Directions for this task
Write out the stretch of lines below that begins at the line with "Signora-Cabello-0012" and ends at the line with "Угловая, трёхъярусная подставка для цветов", including both, exactly as given and nothing more.

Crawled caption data
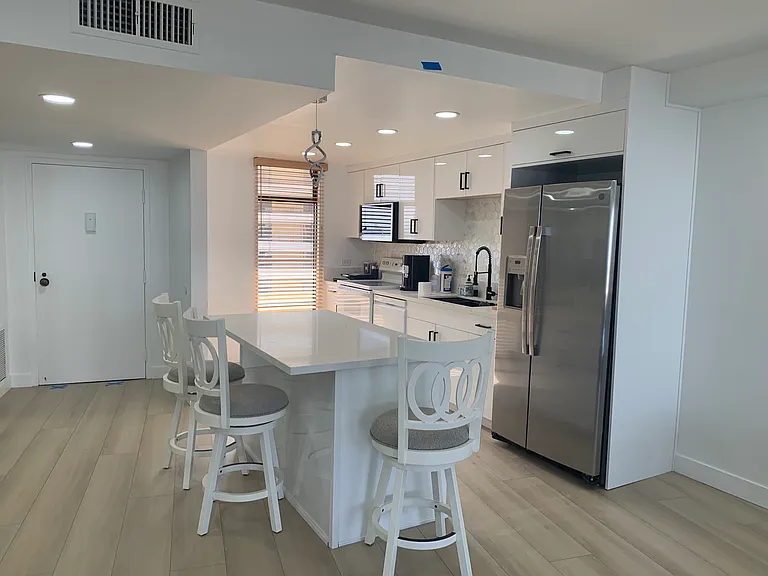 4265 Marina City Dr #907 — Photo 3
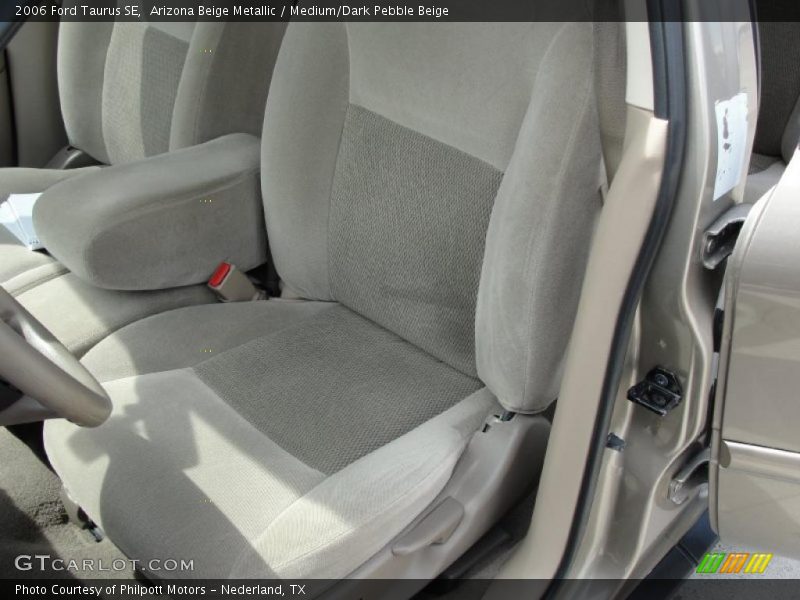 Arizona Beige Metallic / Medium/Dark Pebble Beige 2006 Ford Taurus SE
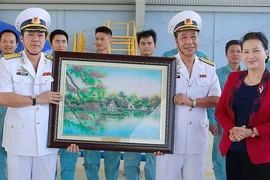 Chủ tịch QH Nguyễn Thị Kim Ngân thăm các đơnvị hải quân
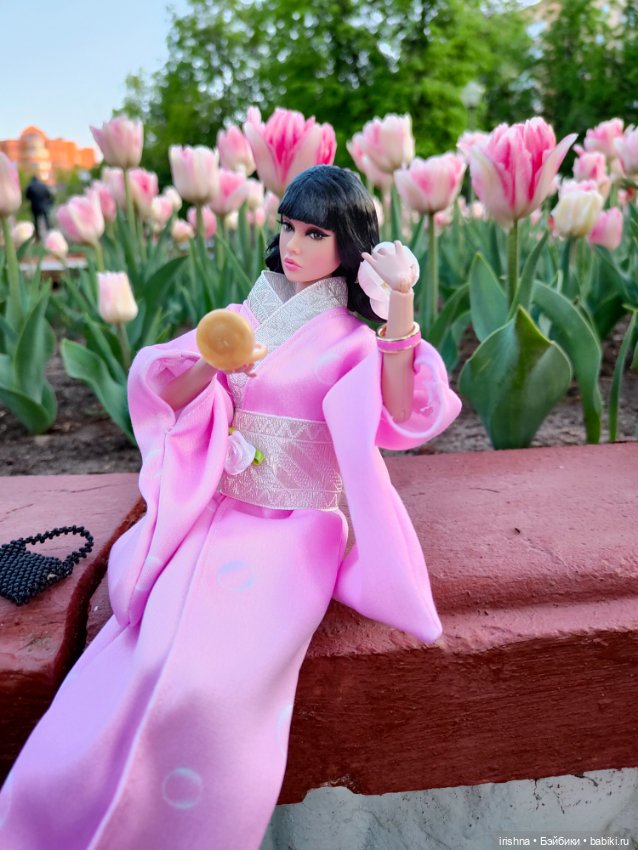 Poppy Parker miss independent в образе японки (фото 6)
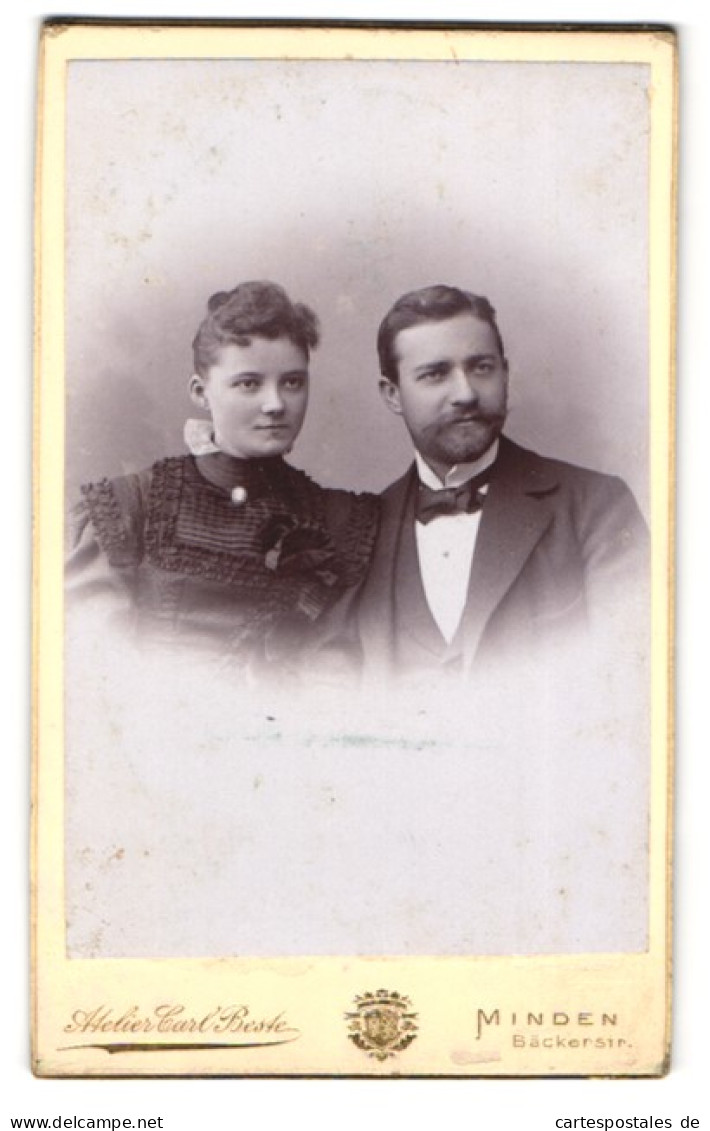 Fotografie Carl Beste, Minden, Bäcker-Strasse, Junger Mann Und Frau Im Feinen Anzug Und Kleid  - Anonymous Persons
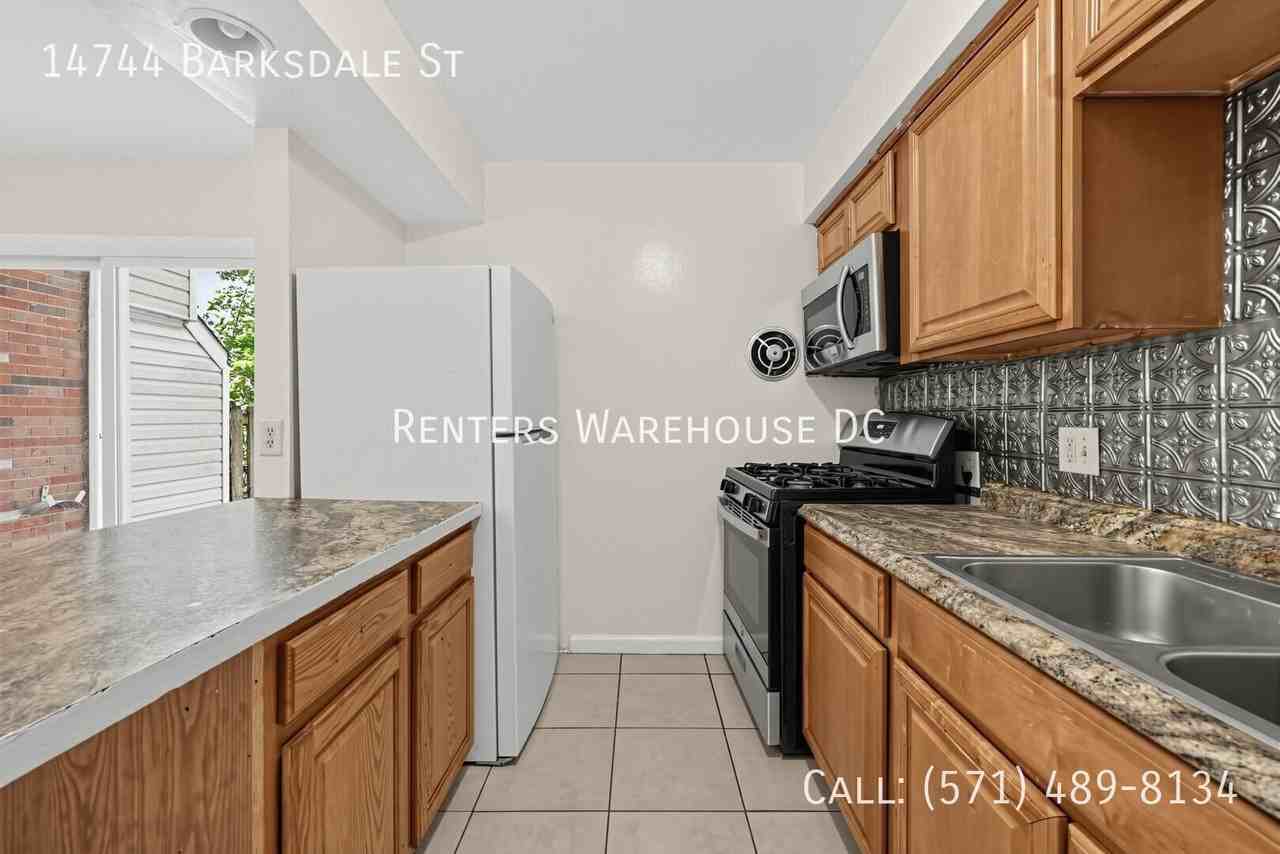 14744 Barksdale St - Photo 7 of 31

--

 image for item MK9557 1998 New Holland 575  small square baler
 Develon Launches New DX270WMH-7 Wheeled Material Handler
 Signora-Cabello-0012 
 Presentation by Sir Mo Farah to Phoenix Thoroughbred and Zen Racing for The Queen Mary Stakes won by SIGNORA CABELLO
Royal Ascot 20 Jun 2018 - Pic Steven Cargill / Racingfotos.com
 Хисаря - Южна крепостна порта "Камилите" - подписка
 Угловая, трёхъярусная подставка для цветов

Answer
 Signora-Cabello-0012 
 Presentation by Sir Mo Farah to Phoenix Thoroughbred and Zen Racing for The Queen Mary Stakes won by SIGNORA CABELLO
Royal Ascot 20 Jun 2018 - Pic Steven Cargill / Racingfotos.com
 Хисаря - Южна крепостна порта "Камилите" - подписка
 Угловая, трёхъярусная подставка для цветов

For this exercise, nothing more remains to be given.